Material shown:
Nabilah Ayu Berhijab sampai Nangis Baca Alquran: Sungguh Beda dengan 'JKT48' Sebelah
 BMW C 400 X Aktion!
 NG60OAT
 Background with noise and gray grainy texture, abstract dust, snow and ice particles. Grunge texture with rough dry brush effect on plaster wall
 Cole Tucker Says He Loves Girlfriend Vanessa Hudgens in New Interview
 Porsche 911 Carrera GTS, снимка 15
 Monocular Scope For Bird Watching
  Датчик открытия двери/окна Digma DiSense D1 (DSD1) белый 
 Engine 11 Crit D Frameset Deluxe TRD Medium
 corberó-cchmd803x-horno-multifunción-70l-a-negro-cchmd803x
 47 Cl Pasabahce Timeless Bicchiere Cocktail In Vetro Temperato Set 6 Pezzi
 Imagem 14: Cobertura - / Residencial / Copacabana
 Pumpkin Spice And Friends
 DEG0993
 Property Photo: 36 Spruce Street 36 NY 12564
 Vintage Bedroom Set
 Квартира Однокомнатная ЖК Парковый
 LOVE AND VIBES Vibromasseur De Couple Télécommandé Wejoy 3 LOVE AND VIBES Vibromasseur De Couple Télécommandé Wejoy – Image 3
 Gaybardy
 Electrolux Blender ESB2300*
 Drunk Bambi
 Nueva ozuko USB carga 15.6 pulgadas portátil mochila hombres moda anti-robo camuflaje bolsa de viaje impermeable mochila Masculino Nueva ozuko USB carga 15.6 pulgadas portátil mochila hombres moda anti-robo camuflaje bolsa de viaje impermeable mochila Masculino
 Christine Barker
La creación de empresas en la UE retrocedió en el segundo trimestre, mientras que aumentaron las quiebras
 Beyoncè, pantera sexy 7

What you will do:
With nothing added or left out, print the data again.

Solution to the exercise:
Nabilah Ayu Berhijab sampai Nangis Baca Alquran: Sungguh Beda dengan 'JKT48' Sebelah
 BMW C 400 X Aktion!
 NG60OAT
 Background with noise and gray grainy texture, abstract dust, snow and ice particles. Grunge texture with rough dry brush effect on plaster wall
 Cole Tucker Says He Loves Girlfriend Vanessa Hudgens in New Interview
 Porsche 911 Carrera GTS, снимка 15
 Monocular Scope For Bird Watching
  Датчик открытия двери/окна Digma DiSense D1 (DSD1) белый 
 Engine 11 Crit D Frameset Deluxe TRD Medium
 corberó-cchmd803x-horno-multifunción-70l-a-negro-cchmd803x
 47 Cl Pasabahce Timeless Bicchiere Cocktail In Vetro Temperato Set 6 Pezzi
 Imagem 14: Cobertura - / Residencial / Copacabana
 Pumpkin Spice And Friends
 DEG0993
 Property Photo: 36 Spruce Street 36 NY 12564
 Vintage Bedroom Set
 Квартира Однокомнатная ЖК Парковый
 LOVE AND VIBES Vibromasseur De Couple Télécommandé Wejoy 3 LOVE AND VIBES Vibromasseur De Couple Télécommandé Wejoy – Image 3
 Gaybardy
 Electrolux Blender ESB2300*
 Drunk Bambi
 Nueva ozuko USB carga 15.6 pulgadas portátil mochila hombres moda anti-robo camuflaje bolsa de viaje impermeable mochila Masculino Nueva ozuko USB carga 15.6 pulgadas portátil mochila hombres moda anti-robo camuflaje bolsa de viaje impermeable mochila Masculino
 Christine Barker
La creación de empresas en la UE retrocedió en el segundo trimestre, mientras que aumentaron las quiebras
 Beyoncè, pantera sexy 7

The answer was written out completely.